RECORD EXCERPTS »
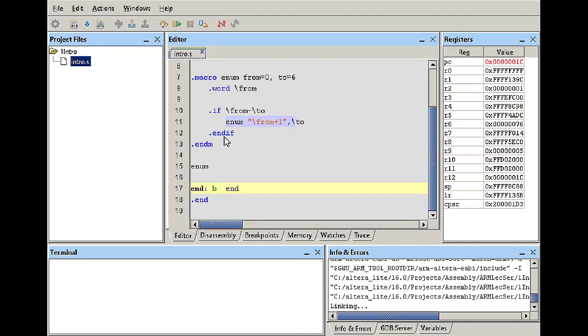So there you have it. Now we went over how to use a macro to do a recursive call in assembly. I hope you learned how to use it that way and you enjoyed this video and as always have a good one and I'll see you in the next video.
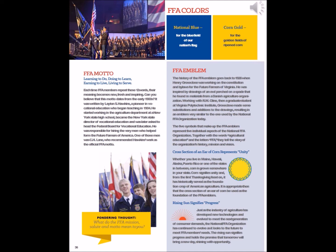The cross section of an ear of corn represents unity. Whether you live in Maine, Hawaii, Alaska, Puerto Rico, or one of the other states in between, corn is grown somewhere in your state. Corn signifies unity, and from the first Thanksgiving feast on, it historically served as the foundational crop of American agriculture. It is appropriate that the cross section of an ear of corn be used as the foundation of the FFA emblem.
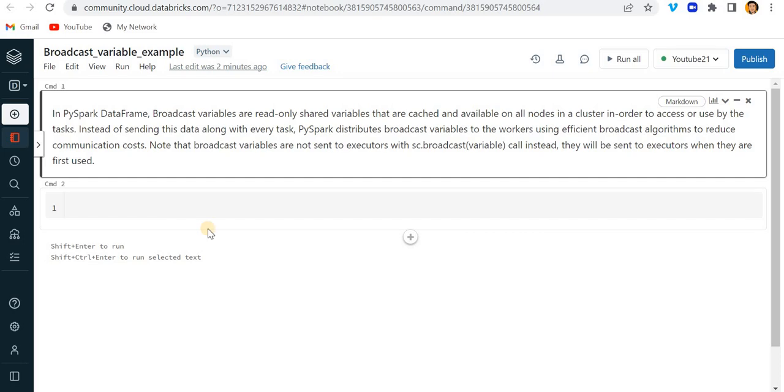Hey hello guys, welcome back to my channel. My name is Sakharpa Jyapati and in this video I will be talking about what is broadcast variable in Spark and we will be seeing the full demo of broadcast variable, how we can use it with the help of some examples.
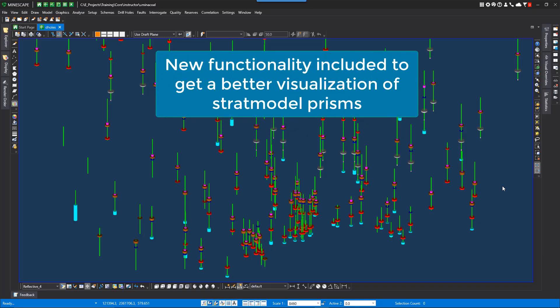OK, let's look at some strat model visualization. Mindscape 6.1.2 gave users the ability to output their stratigraphic model into thickness prisms or triangles, which in turn improved the visualization of the model.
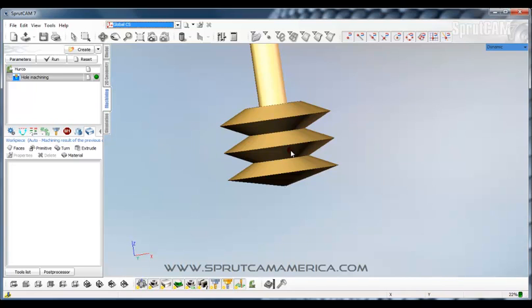This has been beginning tutorial number three on how to make a tool library. I hope you enjoyed it. Thank you.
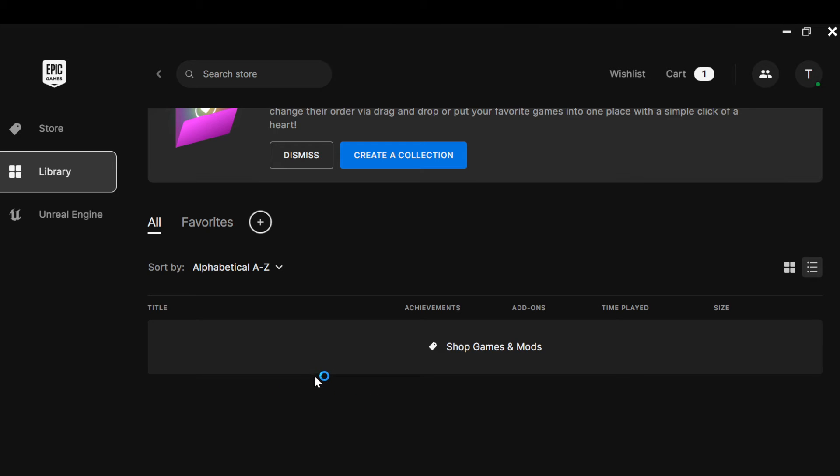Once you selected the game that you want to update, you'll be directed to the game's page. Once you're on this game's page, select the More Options button. A drop-down menu will appear. In the drop-down menu, select Updates, and just like that, that particular game would be updated.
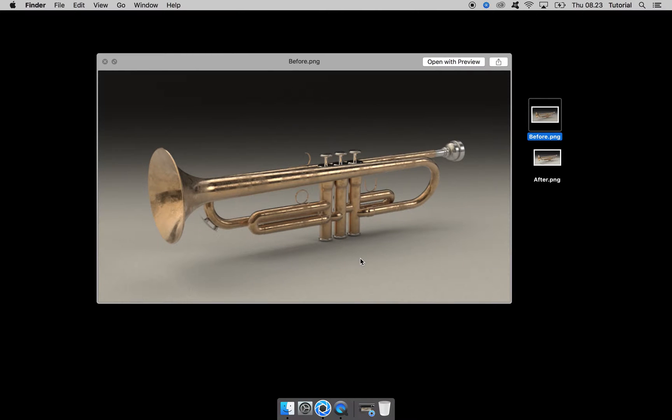Hey everybody and welcome to this tutorial where I will walk you through how to create a hard and crisp drop shadow.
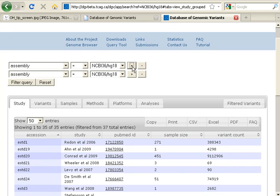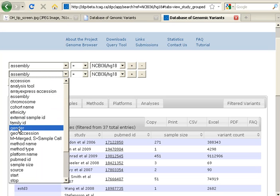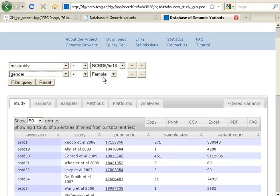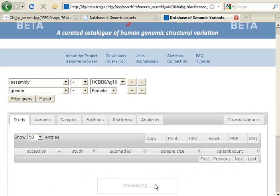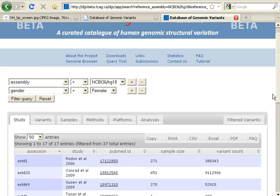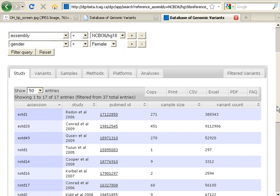I'm going to add a filter to our query, and for simplicity, I'm just going to add gender and use the default female. I can add as many filters as I want by clicking the plus, or I can remove some of my filters with the minus. To run my query, I'm going to click the Filter Query button. We'll get a message that our query is processing, and very quickly we'll get results. When the results load, they are organized according to various categories in these top tabs.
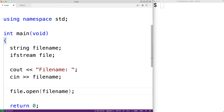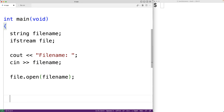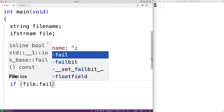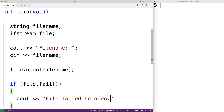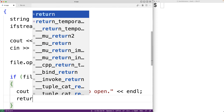It's possible that opening the file could fail — perhaps the file doesn't exist. The fail() member function is going to return true if there's been a problem opening the file. If there's been a problem we'll exit the program with an error message and status. So we'll have: if file.fail() is true, we output an error message and exit.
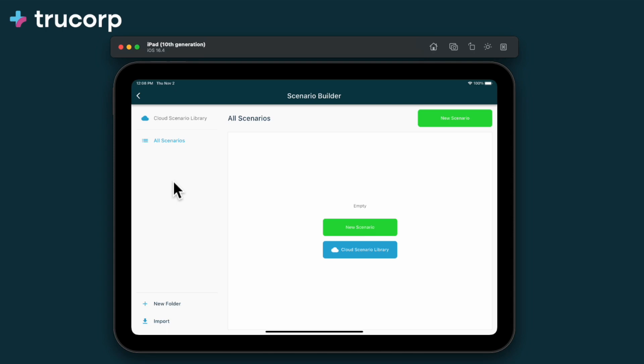Scenario Builder allows you to build scenarios in advance of your sessions, saving you time and allowing you to create complicated simulations.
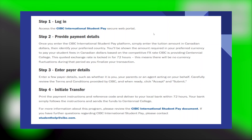Paying tuition fees through CIBC is very easy to do. Today, I'm going to show you how to do it. First, access the CIBC International Student Pay secure web portal.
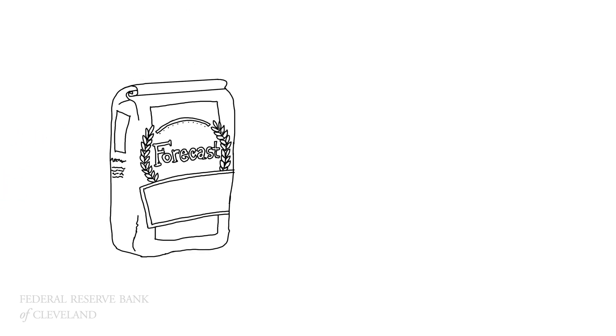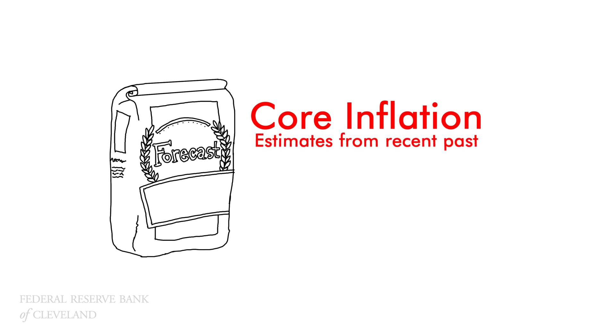The first part forecasts core inflation. We use estimates based entirely on the recent past, because they do a fairly good job.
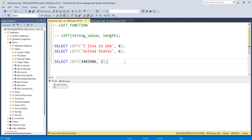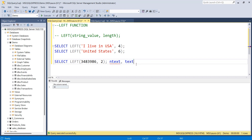Remember, you cannot provide a text or ntext data type to the LEFT function — those are not acceptable. For any other data type, the LEFT function will automatically convert that value into a varchar or nvarchar string, and then apply the LEFT function to extract the leftmost characters from the given value.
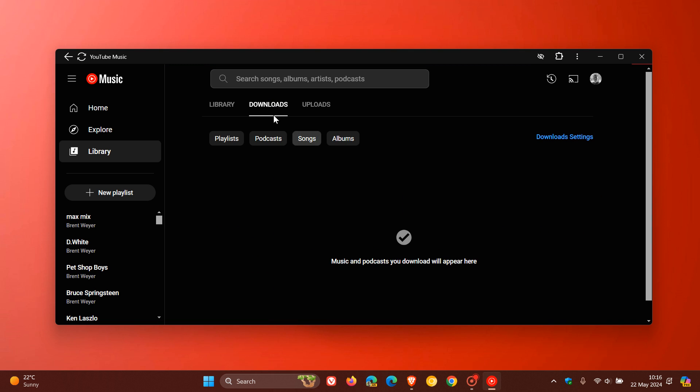If you head to your library, we have now a download section where you can download playlists, podcasts, songs, and albums.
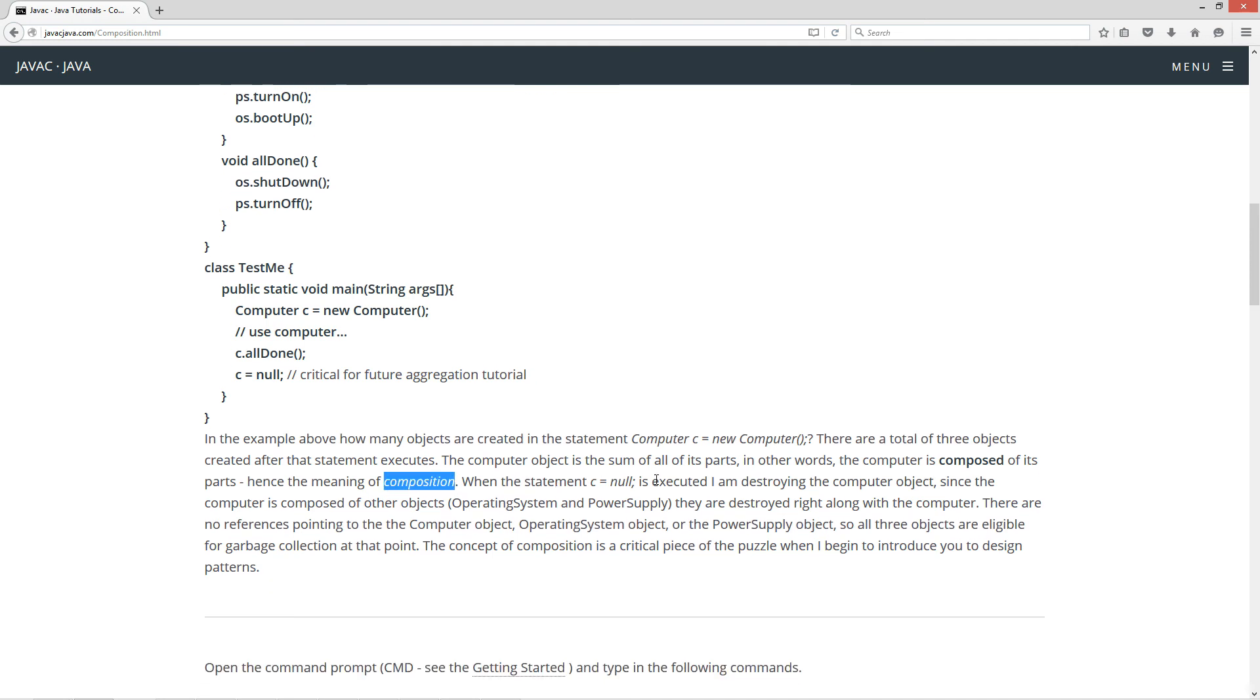Now when the statement C equals null is executed, I am destroying the computer object. Since the computer is composed of other objects, operating system and power supply, they are destroyed right along with the computer. Now there are no references pointing to the computer object, operating system object, or the power supply object, so all three of those objects are eligible for garbage collection at that point.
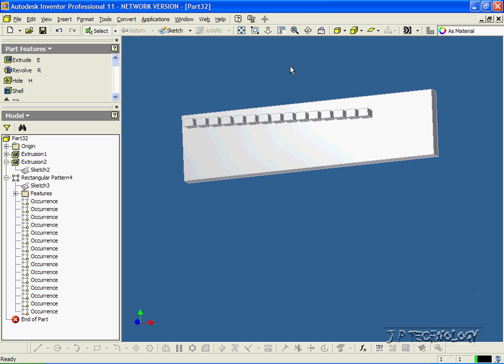And that concludes our tutorial on how to use the rectangular pattern feature within Autodesk Inventor.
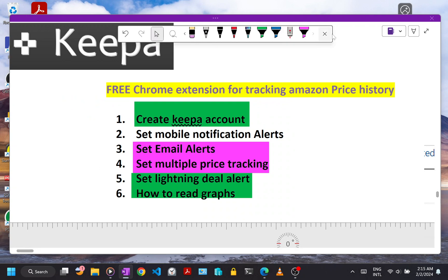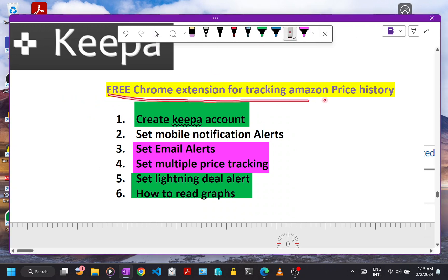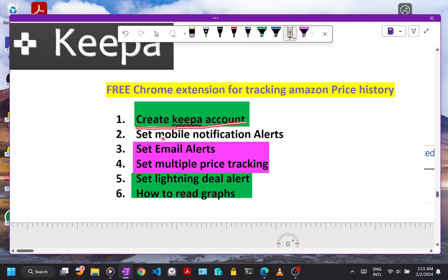In this video, I will show you a Chrome extension for tracking Amazon price history. We will learn how to create a Keeper account, set mobile notification alerts, set email alerts, set multiple price tracking, set lightning deal alerts, and how to read graphs.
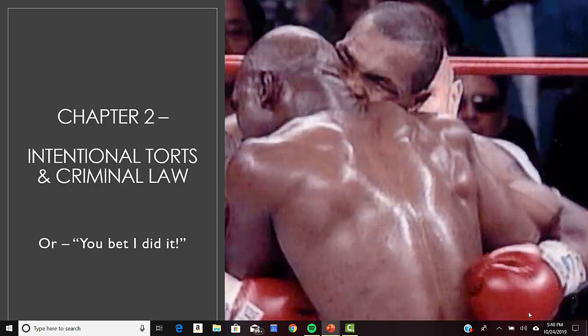An example of an intentional tort would be a person hitting someone else as part of a sports competition, like a tackle. The actor — the player in this case, the person carrying out the act — would be the actor. The player intends to tackle the opponent but doesn't necessarily intend an injury. You're still looking at an intentional tort, because you know that if a tackle is done in certain ways, injury can result.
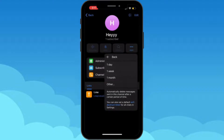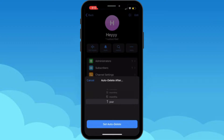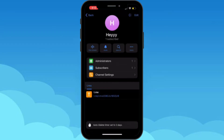Here you can choose your time. Suppose you want Telegram to delete your message after one day — you can simply tap that option. There's also the option of one week or one month. If you want to customize your time, you can tap the 'Other' option, and here there are more options like two days, three days, five days, one month, or up to one year. So choose your time accordingly. Let's choose two days and hit 'Set Auto Delete'. It says: auto-delete timer set to two days.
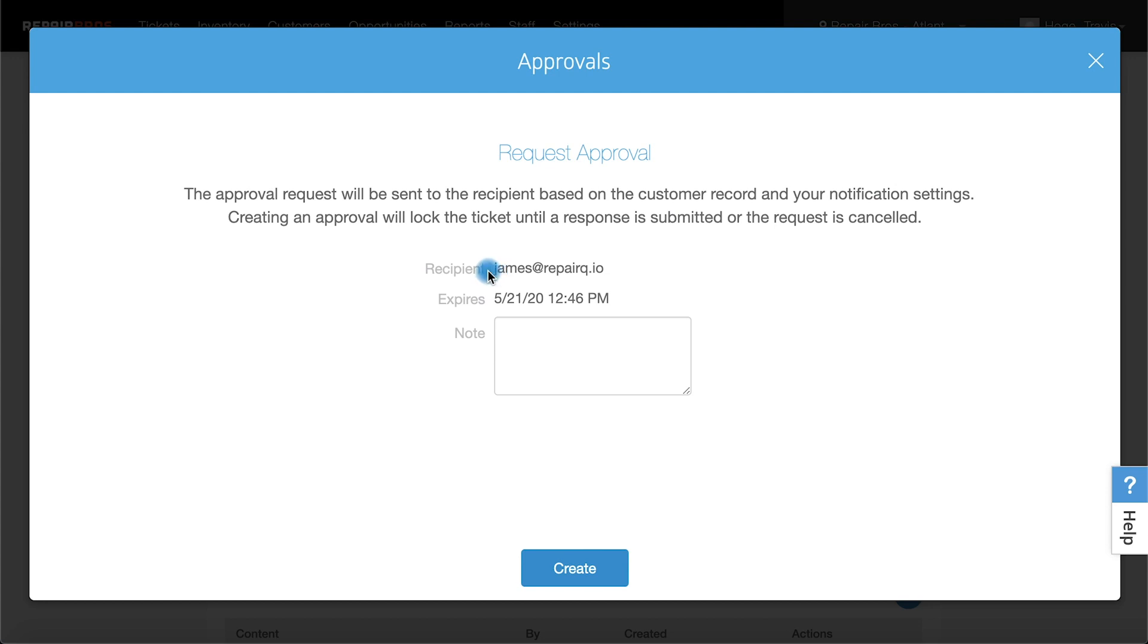Next we're shown where the approval will be sent and can optionally add a note for our customer. When finished, we simply hit create and wait for our answer.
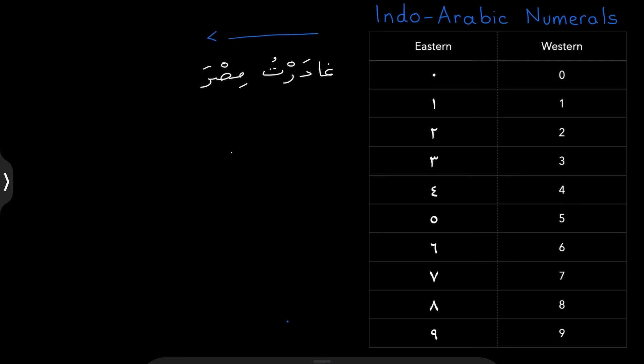So now, if I was to add to that sentence, and say, غادرت مسر في عام ألف إن وتسعمائة واثنين وتسعين. You'll notice that my writing went back the opposite direction, towards the right. And that is the same as English text.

ACTIVITY »
Using the data above, print only the lines starting at the one with "Paying tuition fees" and ending at the one with "In this video, I", exactly as they stand, minus the pictures.

TASK RESPONSE »
Paying tuition fees through CIBC is very easy to do. Today, I'm going to show you how to do it. First, access the CIBC International Student Pay secure web portal.
The first part forecasts core inflation. We use estimates based entirely on the recent past, because they do a fairly good job.
Remember, you cannot provide a text or ntext data type to the LEFT function — those are not acceptable. For any other data type, the LEFT function will automatically convert that value into a varchar or nvarchar string, and then apply the LEFT function to extract the leftmost characters from the given value.
If you head to your library, we have now a download section where you can download playlists, podcasts, songs, and albums.
Now when the statement C equals null is executed, I am destroying the computer object. Since the computer is composed of other objects, operating system and power supply, they are destroyed right along with the computer. Now there are no references pointing to the computer object, operating system object, or the power supply object, so all three of those objects are eligible for garbage collection at that point.
And that concludes our tutorial on how to use the rectangular pattern feature within Autodesk Inventor.
In this video, I will show you a Chrome extension for tracking Amazon price history. We will learn how to create a Keeper account, set mobile notification alerts, set email alerts, set multiple price tracking, set lightning deal alerts, and how to read graphs.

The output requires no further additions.